**Data shown**
- - - -

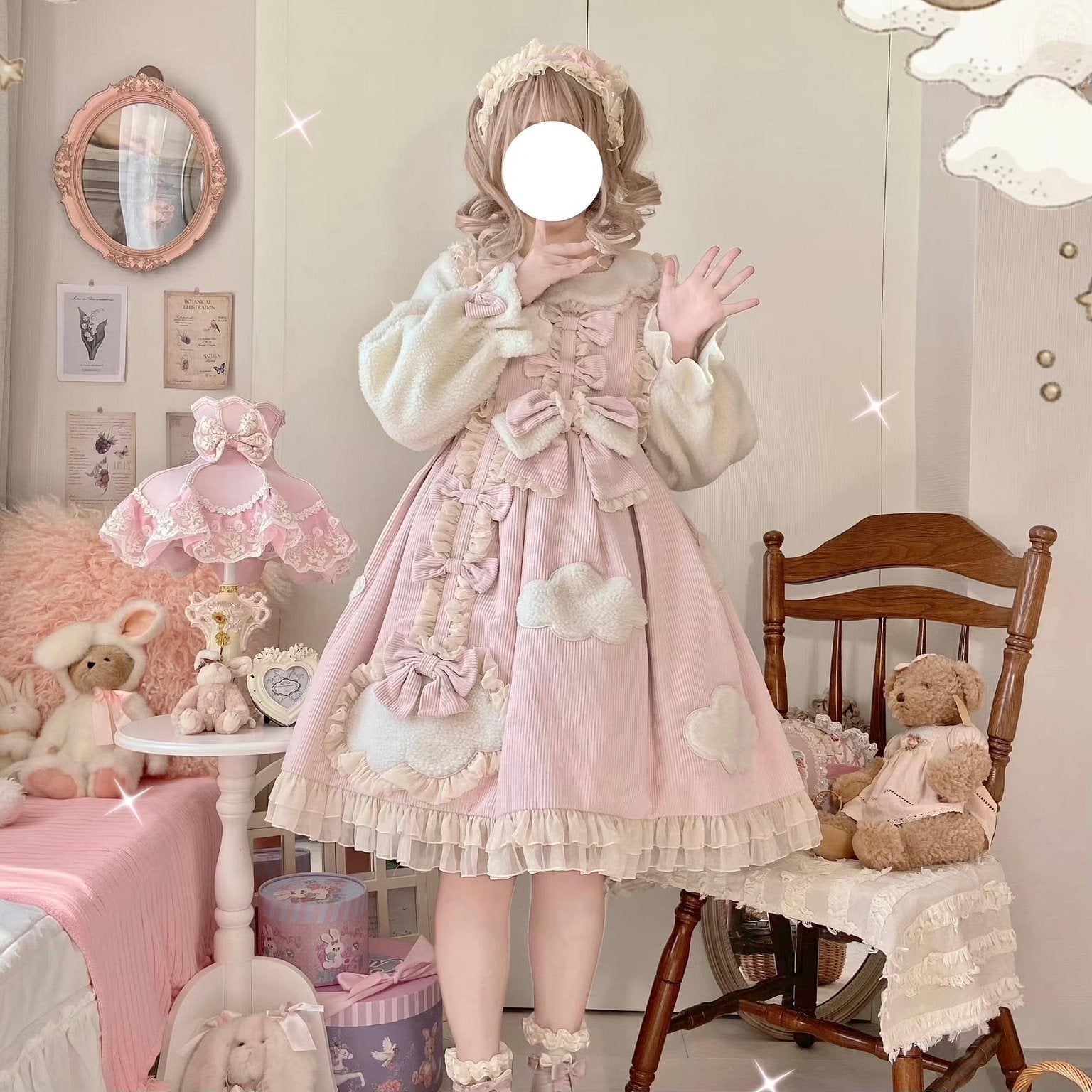 Sweet Winter Velvet Lolita Dress Pink Blue OP Dress
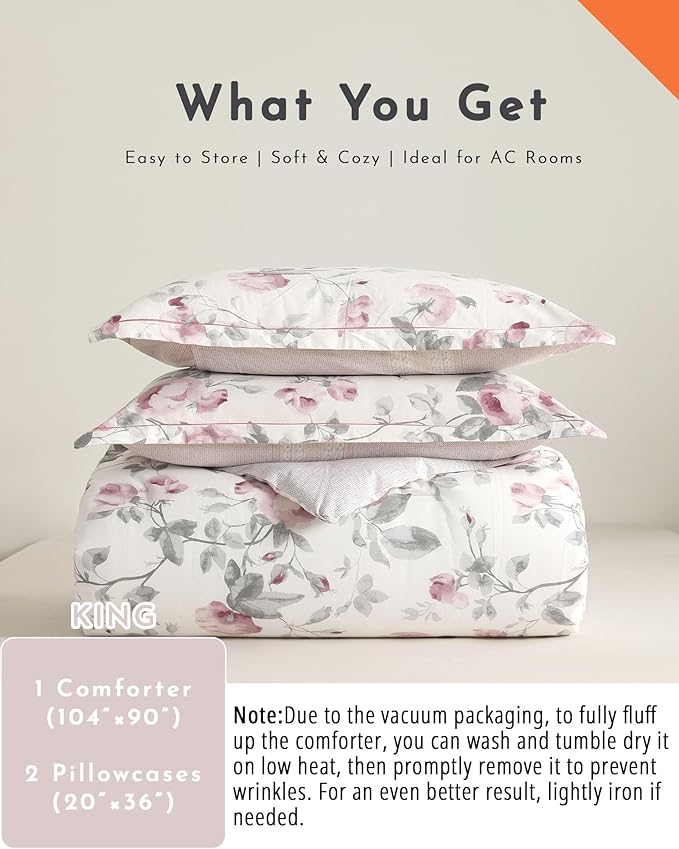 ALEISSEL Vintage Cotton 3pcs Floral Comforter Sets King Size - Dusty Rose & Soft Gray Foliage on White, Blush French Striped Patchwork Reverse, Neutural Lightweight Bedding Sets(King 104"×90")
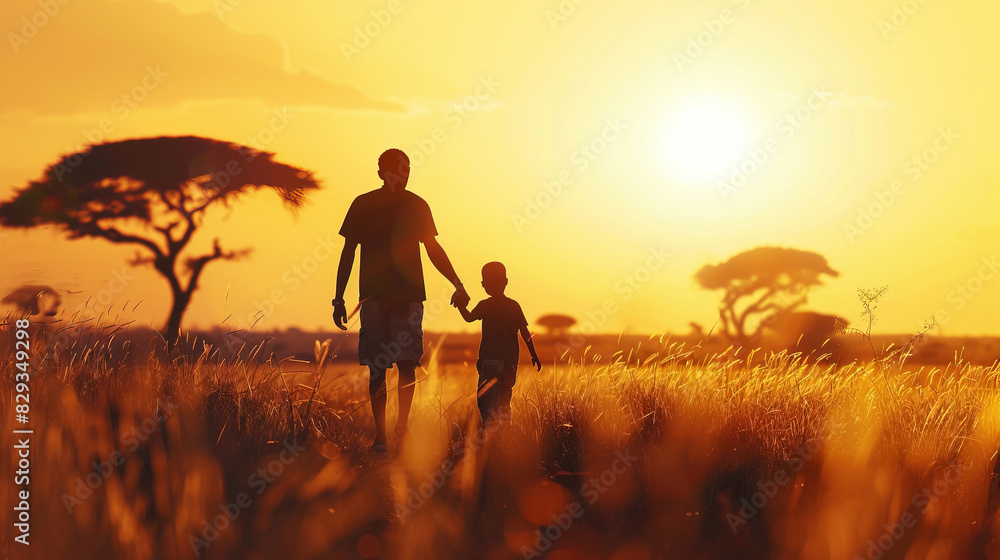 Fototapeta premium silhouette of father holding hand with son under sunset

- - - -

**Required action**
An exact repeat of all the data is required, pictures excluded.

**Answer below**
 Sweet Winter Velvet Lolita Dress Pink Blue OP Dress
 ALEISSEL Vintage Cotton 3pcs Floral Comforter Sets King Size - Dusty Rose & Soft Gray Foliage on White, Blush French Striped Patchwork Reverse, Neutural Lightweight Bedding Sets(King 104"×90")
 Fototapeta premium silhouette of father holding hand with son under sunset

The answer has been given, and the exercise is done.